# New Egg Liners



## Treeman (Jan 6, 2008)

The new Egg Liners are shipping today from Bachmann. We will also get the replacement motor blocks.

http://www.reindeerpass.com/eggliners-2.aspx


----------



## Greg Elmassian (Jan 3, 2008)

Mike, when they get in, can you shoot the side and see if the vertical seam between the 2 observation halves is there or not?

Thanks,

Greg 968


----------



## Treeman (Jan 6, 2008)

I will take a close look when they arrive, we should have them in the shop by Friday.


----------



## Greg Elmassian (Jan 3, 2008)

It's just curiosity, there were a bunch of people claiming Bachmann (Kader) made a new mold... for a lot of reasons that seems highly unlikely.

But yes, the samples shown do not show the seams between the 2 Aristo observation car ends used to make the eggliners.

So my theory is they filled this in on at least the samples for looks.

Greg


----------



## Martan (Feb 4, 2012)

Where can I find details on the motor blocks?


----------



## Greg Elmassian (Jan 3, 2008)

what details do you want?

Greg 948


----------



## Martan (Feb 4, 2012)

Picture?

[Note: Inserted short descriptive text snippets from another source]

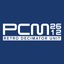 PCM2612 Retro Decimator Unit icon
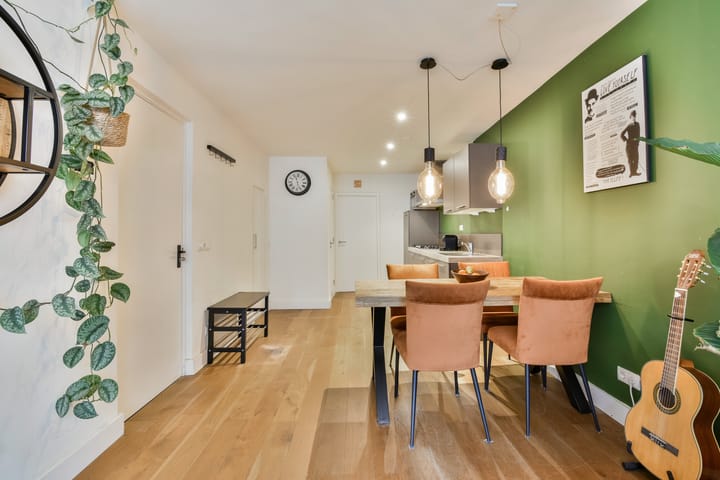 Photo 6 of Frans Halsstraat 73-1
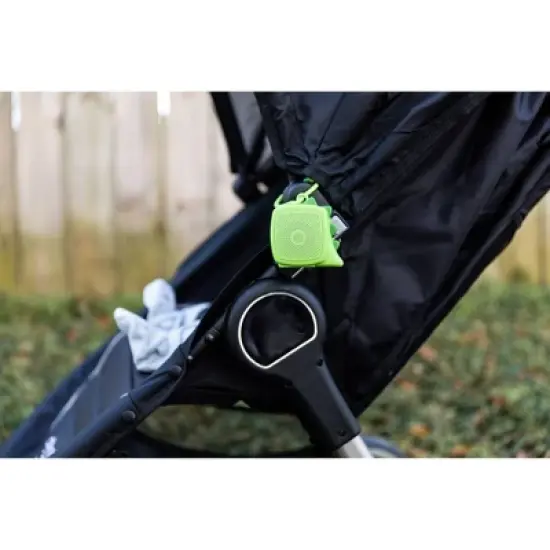 Yogasleep Pocket Baby Soother image {8}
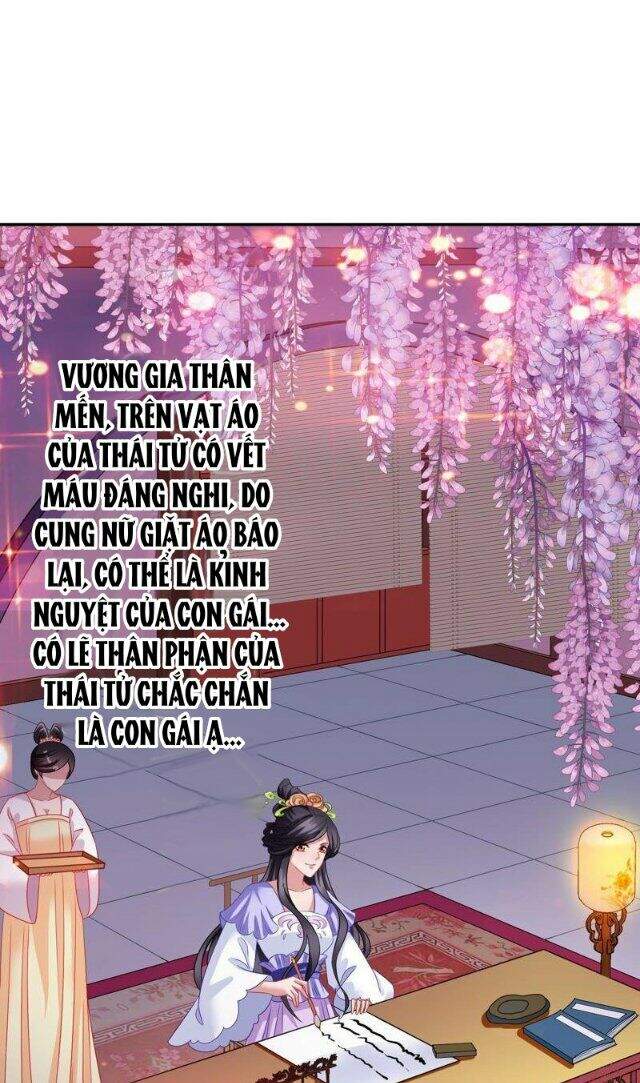 thai-tu-dien-ha-co-tin-vui/23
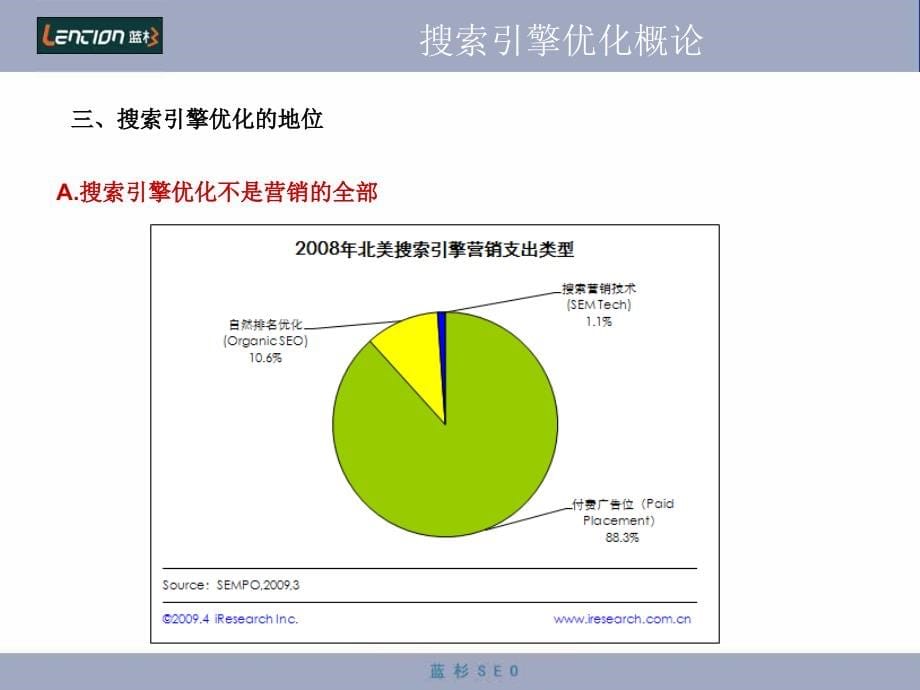 搜索引擎优化培训教材ppt培训课件_第5页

Dimensions?


----------



## Dick413 (Jan 7, 2008)

Martan if you know what the 2 axle aristo motor block looks like, I have been told they are the exact same thing and will be available real shortly


----------



## Martan (Feb 4, 2012)

Oh, ok. Thanks.


----------



## Greg Elmassian (Jan 3, 2008)

I believe the mounting was a bit different, I will have to check. Also there were 2 versions of that 2 axle block, different mounting, different axles.

Most of this is on my site under Aristo motive power.

Wanna see if the "new mold" assertion is true.

Greg 946


----------



## Pete Thornton (Jan 2, 2008)

Greg Elmassian said:


> It's just curiosity, there were a bunch of people claiming Bachmann (Kader) made a new mold... for a lot of reasons that seems highly unlikely.
> 
> But yes, the samples shown do not show the seams between the 2 Aristo observation car ends used to make the eggliners.
> 
> ...


Molds have been known to change. For the next run, they might add a window, or change the roof.
In this case, maybe they had two molds and bolted them back to back.


----------



## Greg Elmassian (Jan 3, 2008)

Well, it was obvious that the original eggliners were made from 2 identical ends from an Aristo observation.

When the new samples were shown, and the seam between the 2 did not appear, people stated there were new molds.

But if you look at the ribs, a mold for the whole eggliner "in one shot" has to be in at least 2 pieces. Made no sense to me that Bachmann (Kader) would make them, but the other "camp" pointed out the lack of a seam as proof. Also, I would hazard a guess that there were no duplicate molds of that part, since it was only used on one passenger car and the eggliner.

Again, more curious than anything.

Greg 938


----------



## Ted Doskaris (Oct 7, 2008)

I noticed the Egg Liner picture shows they still use the Aristo knuckle couplers!

As to the motor block, what kind of wheels does it have? What's the flange depth? The wheels appear to be bright finish. Are they plated or maybe the stainless steel ones that Aristo offered last as a replacement with reduced flange depth.

-Ted


----------



## aceinspp (Jan 2, 2008)

Ted Doskaris said:


> I noticed the Egg Liner picture shows they still use the Aristo knuckle couplers!
> 
> As to the motor block, what kind of wheels does it have? What's the flange depth? The wheels appear to be bright finish. Are they plated or maybe the stainless steel ones that Aristo offered last as a replacement with reduced flange depth.
> 
> -Ted


Be interesting to see the new and also what wheels they have. Later RJD


----------



## Greg Elmassian (Jan 3, 2008)

RLD has them in stock... you can see the picture that the plating looks better.

Greg 925


----------



## Treeman (Jan 6, 2008)

The motor block and coupler seem to be very Aristo. The shell has no seam showing. Bachmann provided a polarity switch, but no plug for battery.


----------



## Mike Toney (Feb 25, 2009)

Hopefully these will be a sign of good things to come from Kader/Bachmann. Really hoping for a reissue of the 2-8-0 that missed out on the first time around. Mike


----------



## Dave Meashey (Jan 2, 2008)

I hope this does not sound disrespectful, but I was looking at the current price for an Eggliner and thinking "Boy, the price of eggs has REALLY gone up!" I remember when an Eggliner, a circle of track, a small power pack, and the connections sold for about $90.00 as a set.

On the plus side, it is a boon to have the motor block available again, as it can give new life to a nice selection of old Aristo units.

Cheers,
David Meashey


----------



## Treeman (Jan 6, 2008)

In my eye the Bachmann ones look much better without the seam.


----------



## john narvell (Jan 5, 2008)

I'm just glad they listened to everyone asking for replacement motor blocks! I've bought a few used which works out ok because they were direct replacement on a couple older units I have. I have a Reading FA/B set I can't wait to rehab with all new motor blocks, rc and batteries. I've also got a stalled Pennsy MU commuter project that has been waiting for power trucks for about 10 years.


----------



## Treeman (Jan 6, 2008)

We can ship motor blocks to you tomorrow morning.


----------